Sì, possiamo dirlo, una principessa. Ma quando la vedevi, muoversi imperiosa in quella nostra piccola disadorna piazza, la sua di tutti i giorni, non sapevi se danzasse, danzatrice fine, o se guerreggiasse, guerriera disarmata. Aveva le sue tristezze, giungevano da quel giorno lontano, che noi della nostra età, ricordiamo bene. Un giorno in cui prese quel dolore inenarrabile e ne fece forza straordinaria, mutuata da quella di una madre tanto bella e intelligente, tanto fine ed elegante quanto coraggiosa e fiera.

Indossò quella tristezza come un abito di seta, nero della sera delle grandi occasioni, e prese per mano i fratelli per camminare insieme verso la felicità. E sorrideva. Sorrideva sempre, in quella allegrezza che si sentiva quasi come un rumore festoso. E la sentivi arrivare anche da lontano. E ti incoraggiava. Quando ti trovava dispiaciuto o disturbato da qualcosa. A tutti, la parola di incoraggiamento. "Dai non ci pensare, forza! Pensa alle cose belle. La vita è bella." Queste le sue sintetiche espressioni di sostegno.

Una donna bella. Tutta bella. Dagli occhi al cuore. E dal quel sorriso aperto, che dava luce. Alla parola, mai brutta. Mai cattiva. Mai curiosa della vita altrui. Principessa di Marina, lo era davvero. E per una ragione aggiuntiva, amava il mare, anche se la Sila della sua fanciullezza era la montagna preferita, pur se quelle alte delle nevi le conosceva parecchio. Amava il mare, il nostro mare.
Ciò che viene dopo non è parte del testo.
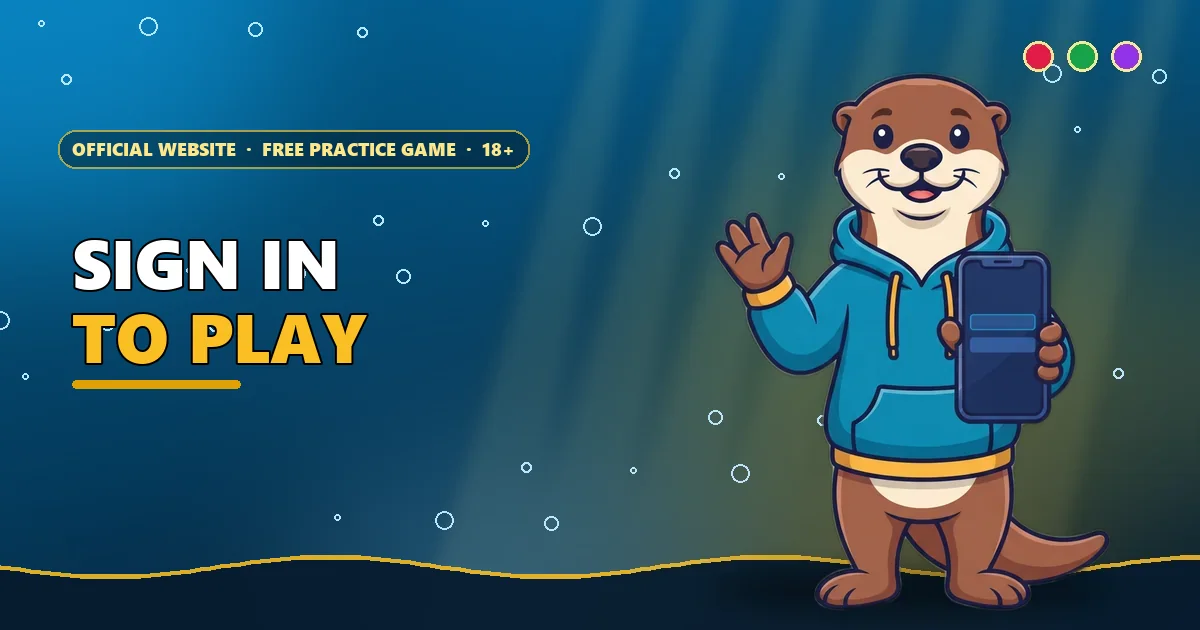 Otter mascot holding a phone sign-in screen for the Log In to 6E Club page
Quello di Corace, nel lungo tratto che scorre davanti alla piazza.

Negli ultimi anni, quelli dei figli cresciuti e degli amici in comitiva, il mare fu quello di Giovino, ma questo è sempre rimasto il suo. Il mare della bambina che non ha mai smesso di farsi donna. Mai avendo paura di diventarlo dal dolore, perché quella fanciullezza le è rimasta addosso come l'amore di cui ha riempito tutta questa vita.
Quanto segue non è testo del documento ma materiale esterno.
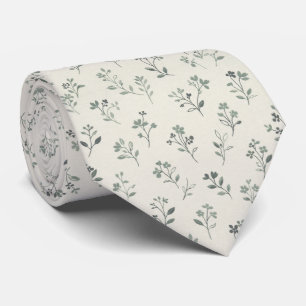 Sanfte Botanische Florale Elegante Minimalistische Krawatte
Oggi è un giorno di lutto per la Scuola e per Marina, che mi verrebbe voglia di dire: "Fermate tutto e chiudete la Scuola e il Quartiere. Che hanno perso una persona speciale, unica! Irripetibile!" Ma lei mi direbbe: "Fra' ma non essere scemo, io sto qua. Resto qua. In tutti i posti in cui sono stata. Resto a scuola. Come sempre." Ed avrebbe ragione. Nessuno se ne va mai per sempre. E le persone grandi come lei, anche se lasciano un vuoto enorme e un dolore immenso, in particolare ai figli, ai fratelli, al suo Antonio, restano.

Ester non andrà mai via da noi. E come potrebbe se passata questa sera, udiremo ancora le sue parole e sentiremo forte la sua risata?!